Recy Taylor died on December 28, 2017 at the age of 97.
In September 1944, Recy Taylor, a newly married 25-year old sharecropper was walking home from church with her friend Fannie Daniel and Daniel’s teenage son. The trio was accosted by a car with Hugo Wilson behind the wheel. One of the passengers, US Army Private Herbert Lovett, drew a gun and began yelling false, hate-filled and racist accusations at Recy. He forced her into the car and then sped away. Lovett guided the vehicle to a secluded, wooded area where he focred Recy to undress. One by one, Lovett, Wilson and four of the other men brutally raped Recy as she pleaded for mercy. The sixth man, Billy Howerton, recognized Recy and did not participate in the attack.
Fannie Daniel reported Recy’s abduction to the police. Wilson was questioned and fined $250, but no one else was called for interrogation, despite the word of three eyewitness. The black community of Abbeville, Alabama was outraged. The NAACP of Montgomery sent an investigator, Rosa Parks, to Abbeville. Parks’ investigations led her to form a defense team with support from national labor unions, African-American organizations, and women’s groups.
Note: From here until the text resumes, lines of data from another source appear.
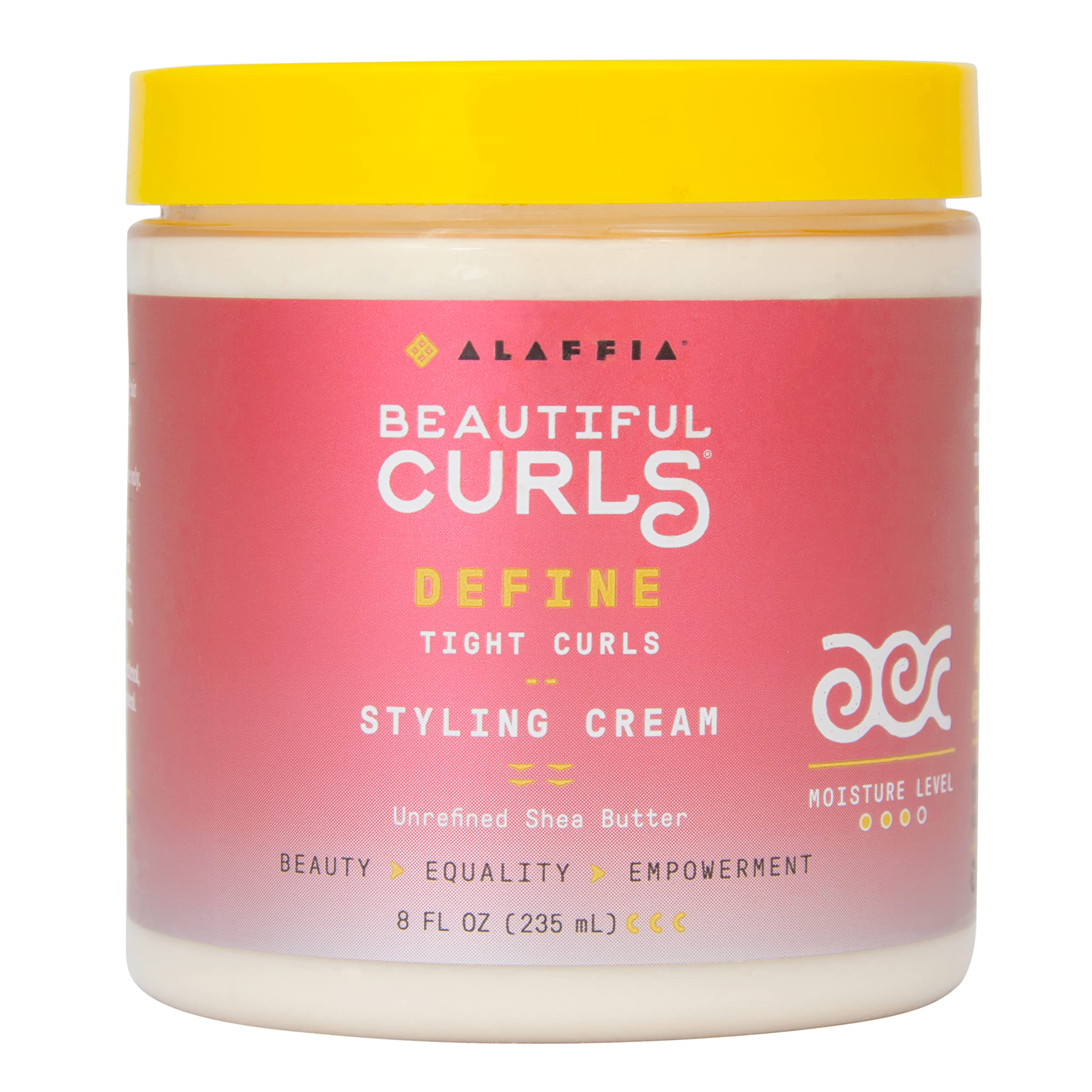 Alaffia Beautiful Curls Styling Cream for Tight Curls Nourishing Shea Butter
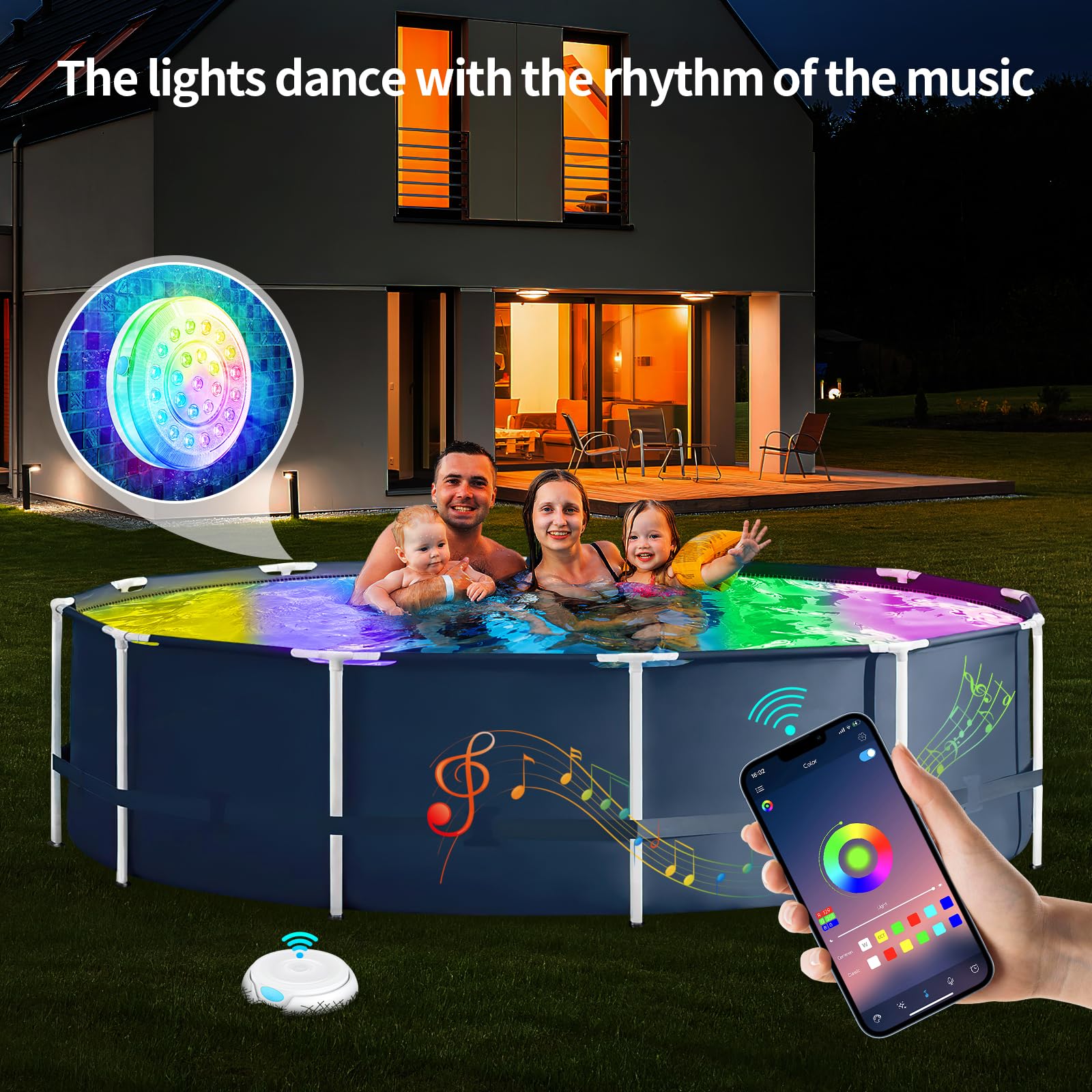 Homly pool light comes with warranty and responsive support.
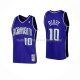 Maillot Sacramento Kings Mike Bibby NO 10 Mitchell & Ness 2002-03 Volet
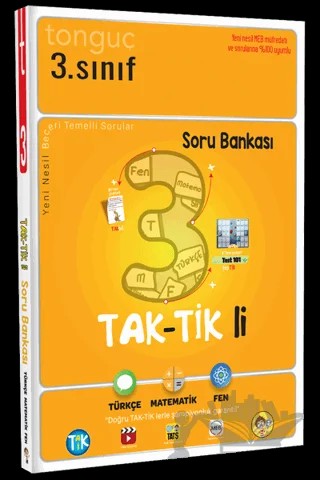 3. Sınıf Şampiyon Paketi Taktikli Soru Bankası – Kolektif – Tonguç Akademi kitap kapağı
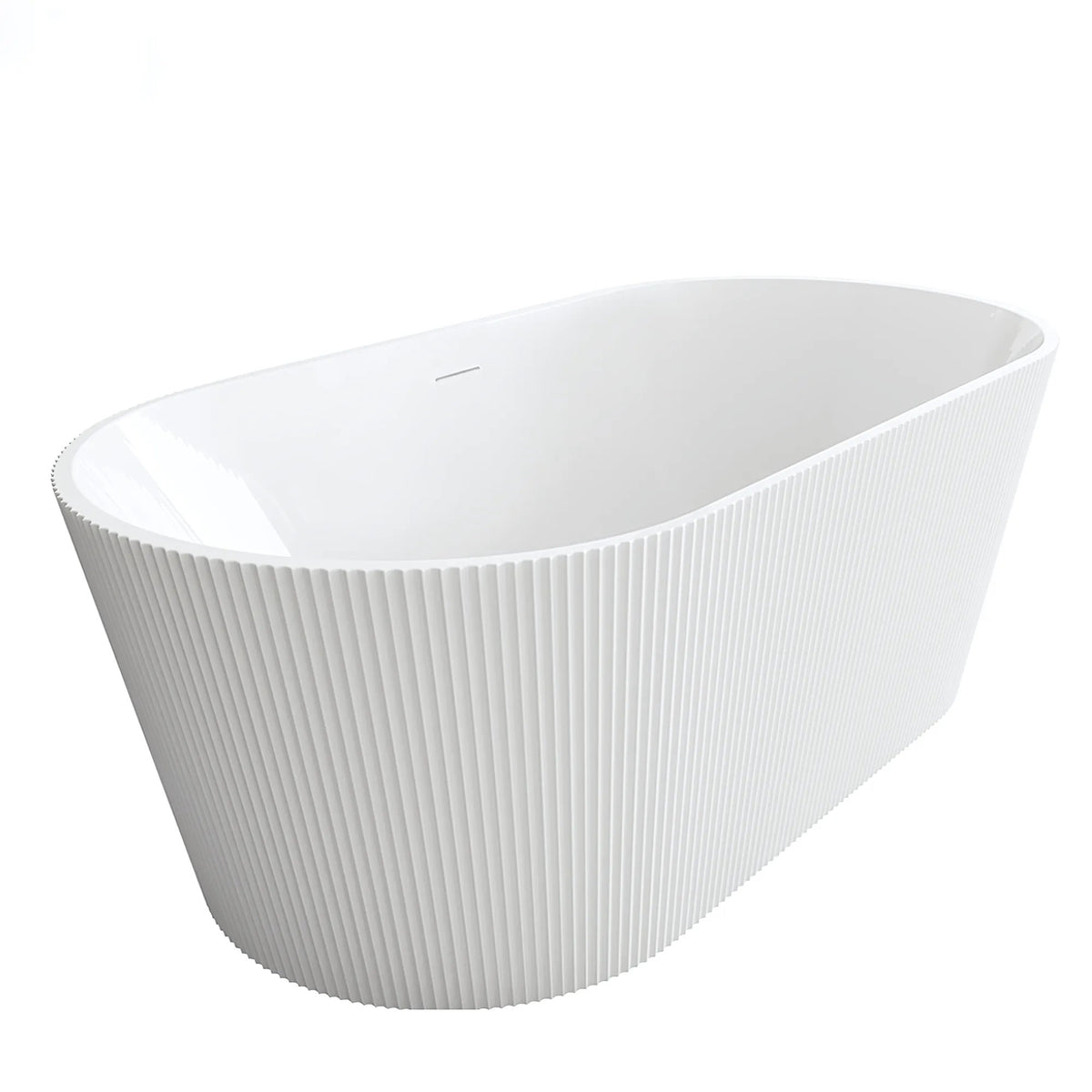 Cadă Acrilică Freestanding OFELIA 170 Capac Dop Negru 9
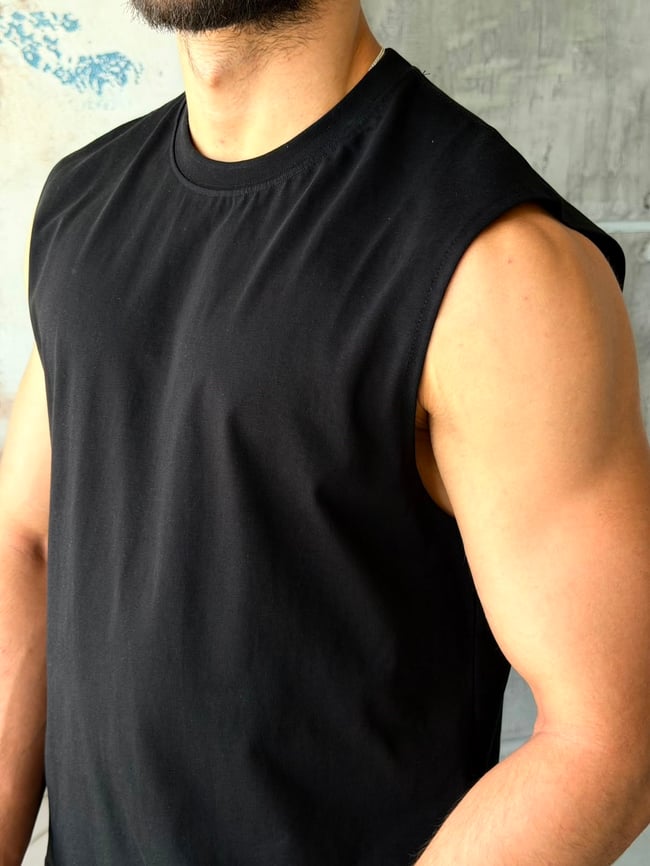 BASIC SIFIR KOL T-SHIRT K - SİYAH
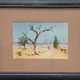 Bergmann "Afrikanische Landschaft", Aquarell, sign. u.l., 9x14 cm, hinter Glas im Passepartout und Rahmen - photo 1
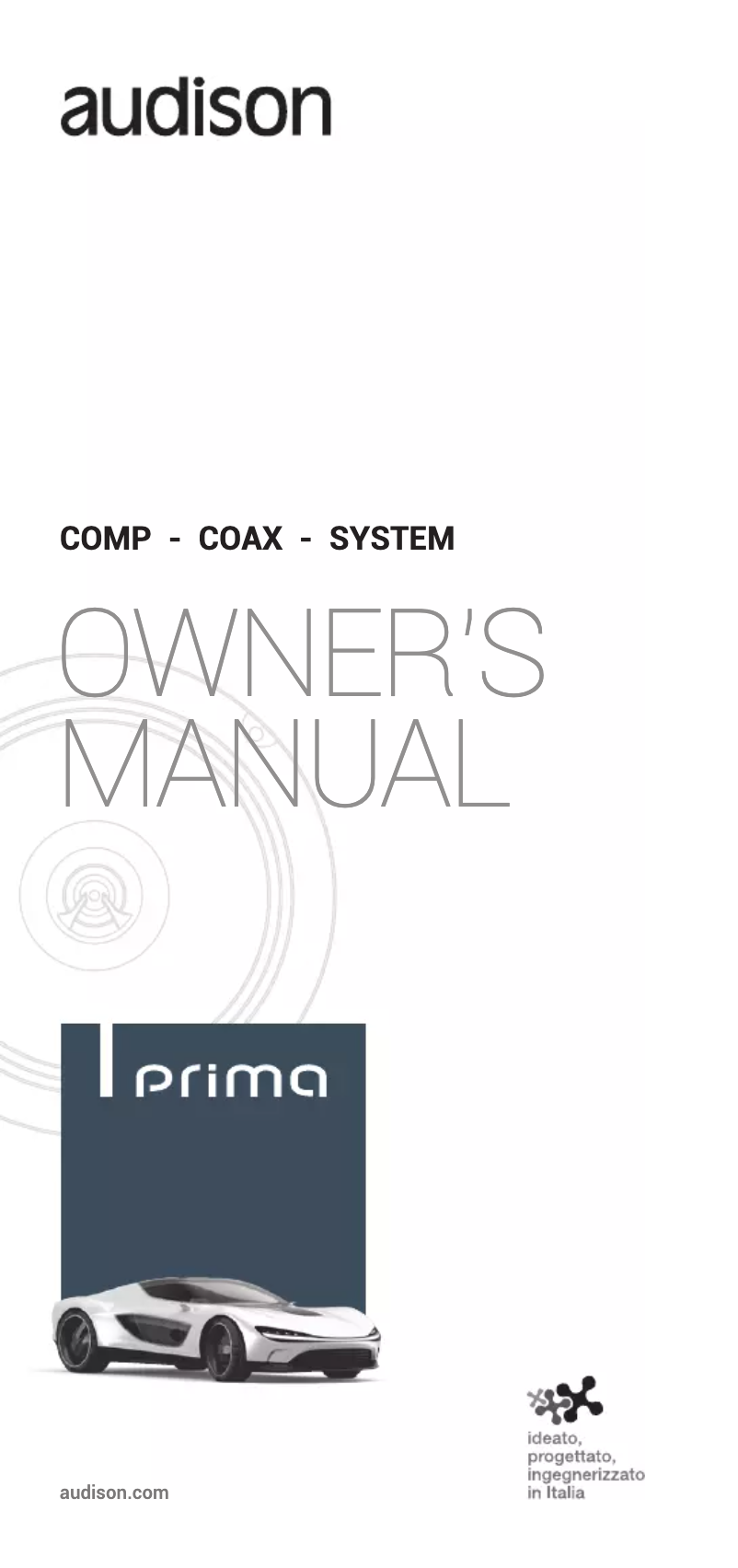 Page n°1 - Manuel utilisateur Audison Prima APK 130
The trial took place in the first week of October 1944, with an all-white, all-male jury. However, none of the assailants had been arrested and the Abbeville sheriff never arranged a police line-up. The only witnesses were Recy’s family and friends. The case was dismissed within five minutes. A grand jury indictment was needed to reopen the case.
In the meantime, Recy received death threats and her home was firebombed. The angry black community petitioned Alabama Governor Chauncey Sparks to launch an investigation. It came to light that the Abbeville sheriff made false statements regarding arrests. Interviews with the assailants yielded wild stories of consensual sex and that Recy was a known prostitute. Even after rapist Joe Culpepper admitted that he and his cohorts were “looking for a woman to attack,” a county jury still failed to present an indictment.
Recy and her family lived in fear for two decades in Abbeville, before moving to Florida. After a divorce and the accidental death of her daughter, failing health brought Recy back to Abbeville.
In 2011, the Alabama House of Representatives apologized to Recy Taylor on behalf of the state for its failure to prosecute her attackers. The apology was delivered by Abbeville Mayor Ryan Blalock as Recy visited Rock Hill Holiness Church, the house of worship from which she was kidnapped in 1944.